• Tag Archives cucumbers
  • Grounded. At last.

    Spring                                                                       Planting Moon

    Yes!  Planted under the planting moon even if I couldn’t get the bloodroot up for the bloodroot moon.

    We have Wally and Big Daddy onions in, 100 sets each.  Three rows of beets:  Bull’s Blood, Early Blood and Golden.  Pickling cucumbers and Dwarf Gray Sugar Snap Peas.  Of course there was bed prep, too.

    With Kate and I wandering around holding this limb and that a bit tenderly I kept getting the image of a dinner bell, fried chicken and mashed potatoes, perhaps someone playing a little Stephen Foster on the grand piano.

    Of all the gardening chores, planting is the most magical to me.  That tiny seed.  A beet, a cucumber, a pea.  Those small plants, a fat onion, or a thick leek.  Couldn’t plant the leeks today because the ground is still frozen at about 3 inches down.  How about that?  April 27th.

    Had to cancel the Chicago trip due to Kona’s vet bills.  Keeping dogs is a choice and keeping 4 is the same choice 4 times over in terms of food and care.  Choices I have made and make cheerfully.

  • Laying Food By

    78  bar rises 29.99  4mph N dew-point 56  sunrise 6:03 sunset 8:34  Lughnasa

    Waxing Crescent of the Corn Moon

    “The rest of the beans will dry on the plants!” Kate said yesterday, her brow perspiring from work over a hot pressure canner.  Yes, the beans produce and produce and produce.  Canned green beans now stock our larder, companions to the tomatoes, pickles, jams and assorted other 19th century farm food self lay-bys she has made.  The beans which dry on the plant will get picked after the plant itself dies and the pods begin to crack open a bit.

    Later, as the snow flies, we’ll take those pods and thresh them, pick out the dried beans and pop them in hermetic glass jars.  Soups and other bean dishes to follow.

    With the first harvest festival already past the garden goes into overdrive, testing the patience of even Kate, a long time canner and freezer.  Tomatoes and cucumbers have begun to pop out and ripen, the spaghetti squash has several fruits on the way, the peppers have begun the slow process of maturation and a second crop of beets has about six inches of greens up already.  This is when the sweat and the soil preparation and the weeding and pruning all begin to yield results.  A good time.

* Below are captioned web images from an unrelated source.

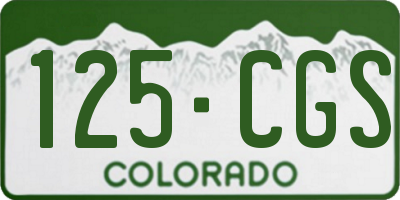 CO license plate 125CGS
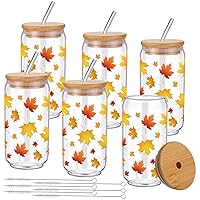 6 Pcs Thanksgiving Glass Coffee Cups with Lids and Straw 16 oz Maple Beer Glass Cup Pumpkins Can Fall Iced Drinking Cup Fall Decor for Thanksgiving Gift Autumn (Rustic Style)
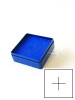 Пластиковый футляр (58х58х22 мм). Светло-синее основание, прозрачная крышка, с отверстием "крест"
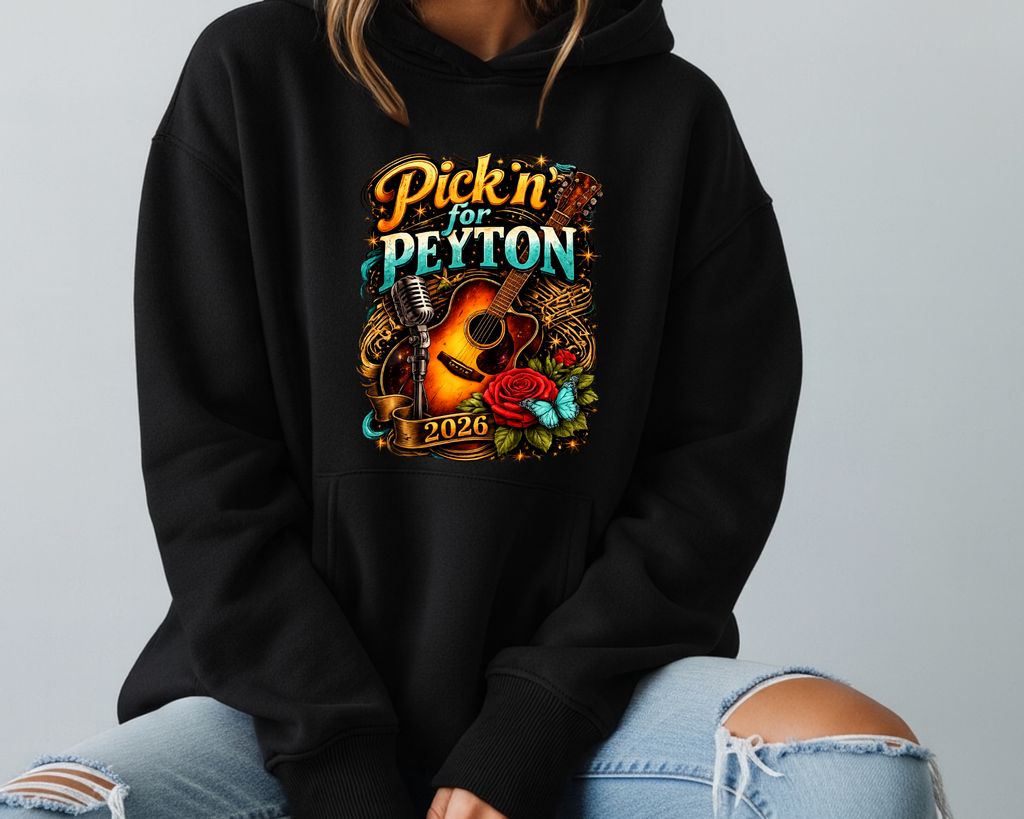 Pickin’ for Peyton 2026 Gildan Hoodie | Fundraiser Hooded Sweatshirt for Peyton Allison Scholarship Fund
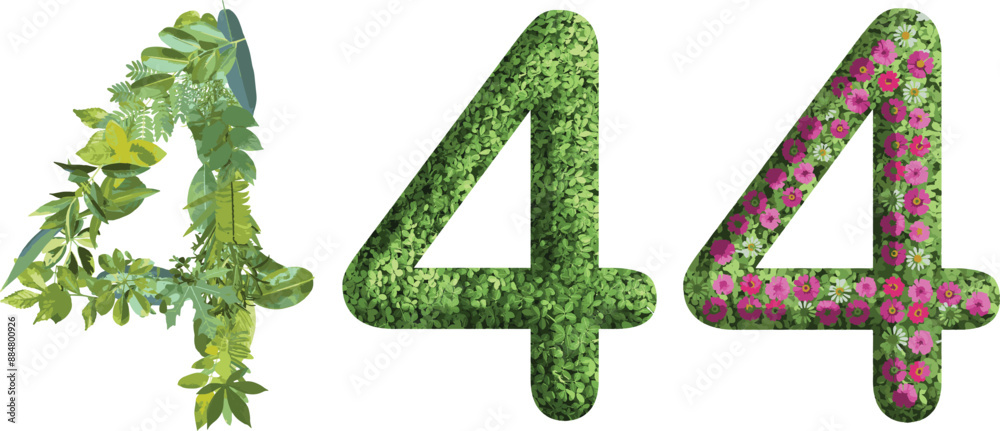 4, design made from green grass, leaves and flower, .suitable for birthday, anniversary and memorial day templates, go green concept 4, design made from green grass, leaves and flower, .suitable for birthday, anniversary and memorial day templates, go green concept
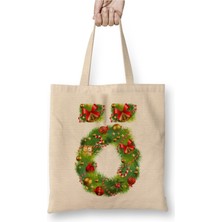 Toyaso Yeni Yıl Yılbaşı Özel Ö Harfli Mutlu Yıllar Bez Çanta Uzun Saplı Alışveriş Çantası Plaj Çantası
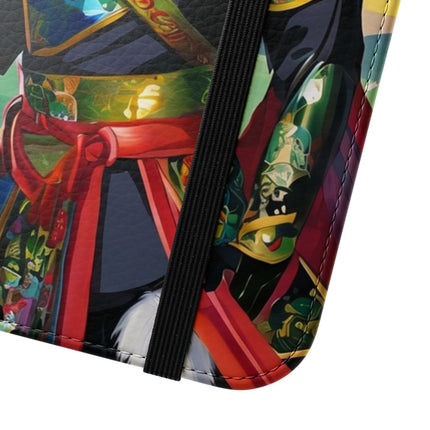 🐕⚔️ Cyberpunk Samurai Dog Flip Case – Futuristic Honor & Kitsune Spirit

    The hemerocallis, likewise, are in their glory:  many shades of purple in the front, orange and reds and yellows in the back and in the park.  Of course, I wonder how the garden will look when the Woollies come in two weeks.  I can’t recall that week from years past, but I imagine the daylilies will still be blooming and perhaps the clematis bushes will have begun to flower. I forget to mention here the begonias and geraniums, the sturdy plants that overwinter in the basement, moving happily outside after the last frost.  They add color and texture to the garden.

    Up late today, so I’ve got to get to Heresy Moves West.  Bye for now.